In 1949, Charles H. Clay and a handful of college students sat down to talk about public policy and come up with ideas on how to make government run better. That meeting at the University of Minnesota was the start of Clay's career in public and civic affairs and eventually led to his role heading a committee that was responsible for getting the Legislature to form the Metropolitan Council.

Clay was a member of the Civic Caucus, a nonpartisan organization offering ideas for Minnesota government. He also proposed solutions to state public policy problems as a member of the Citizens League right up until his death last Sunday, said Verne Johnson, a longtime friend and chairman of the Civic Caucus.

Clay, of Edina, died of congestive heart failure at Allina Hospice in St. Paul at age 83.

"He had a deep love for politics and was really civic-minded," said Dick McGuire, of Bloomington, who worked with him at the Soo Line Railroad, where Clay began in the 1950s. "You could talk about that with him for hours."

Clay began his legal career as a law clerk for Minnesota Supreme Court Justice Oscar Knutson before taking a position with the Soo Line Railroad.
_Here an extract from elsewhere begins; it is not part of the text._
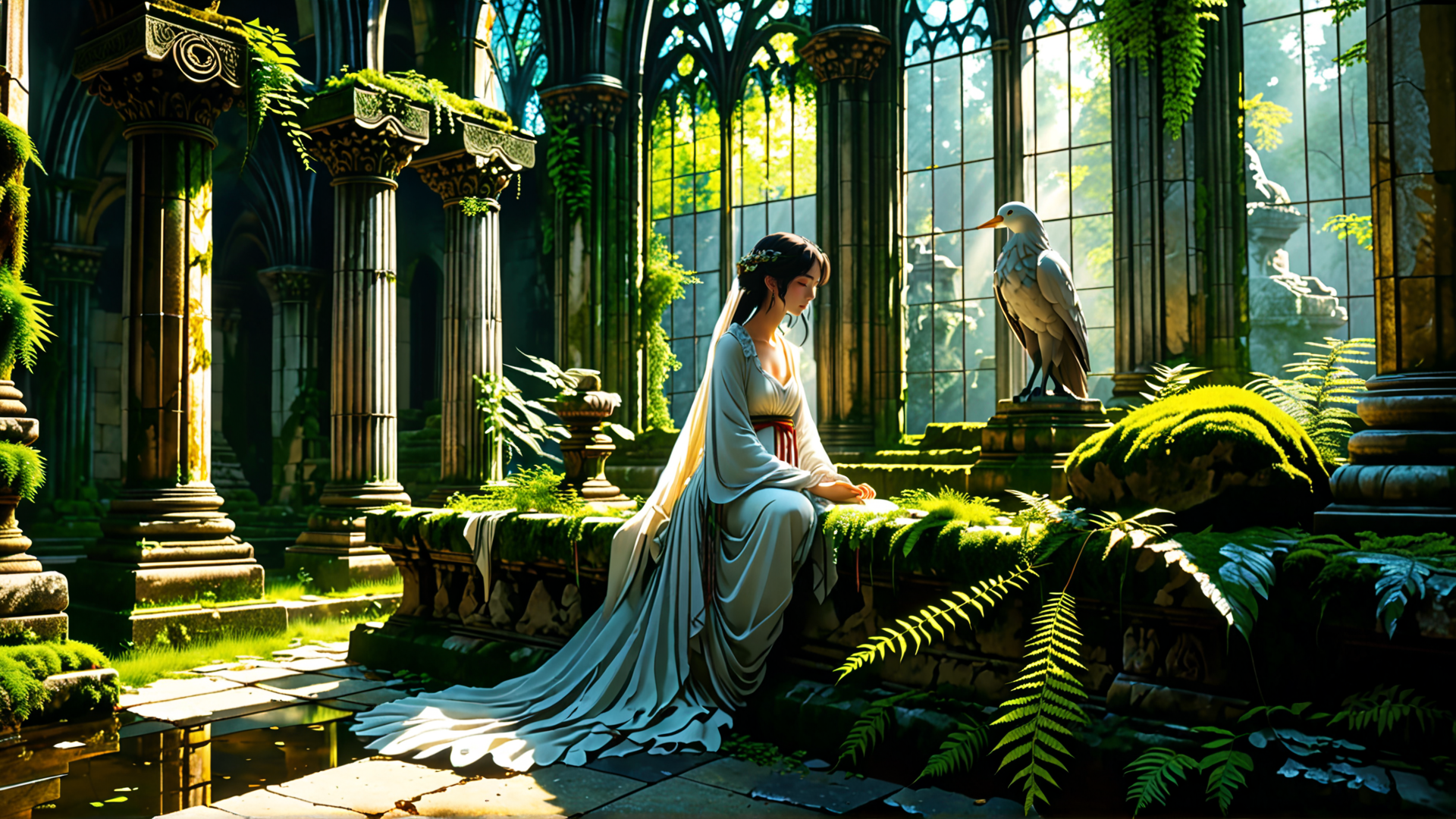 AI generated wallpaper featuring woman, bird, column, moss, fountain, window, stone, plant, dress, light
He worked for the railroad for 30 years, rising to the position of executive vice president-assistant to the president before leaving in 1984.
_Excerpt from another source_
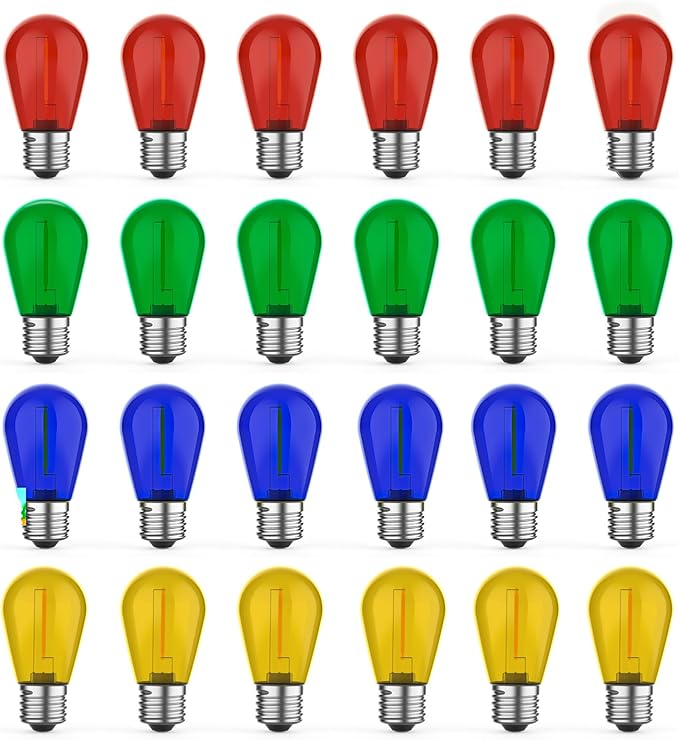 GvvooHome 24 Pack S14 Colored LED String Light Bulbs, 1W Plastic Shatterproof Replacement Bulbs for Outdoor Patio Backyard Lights, E26 Medium Base, Warm White 2200K, Dimmable, Red/Green/Blue/Orange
He went to work for the Head, Seifert & Vender Weide law firm and, with two partners, founded four short line railroads serving rural communities in North Dakota and Minnesota. The two largest were the Red River Valley & Western and the Twin Cities & Western railroads.

Clay loved the railroads and as a result chose a grave site in Lakewood Cemetery, near the Lake Harriet streetcar tracks, said Clay's son Sheldon, of Edina.

Clay was born in Troy, Mont., in 1925, but grew up in Amery, Wis. After graduating from high school there in 1942, Clay served in the Navy as a radio technician during World War II aboard the destroyer, the USS Wainwright. Following the war, he earned a business degree and a law degree from the University of Minnesota.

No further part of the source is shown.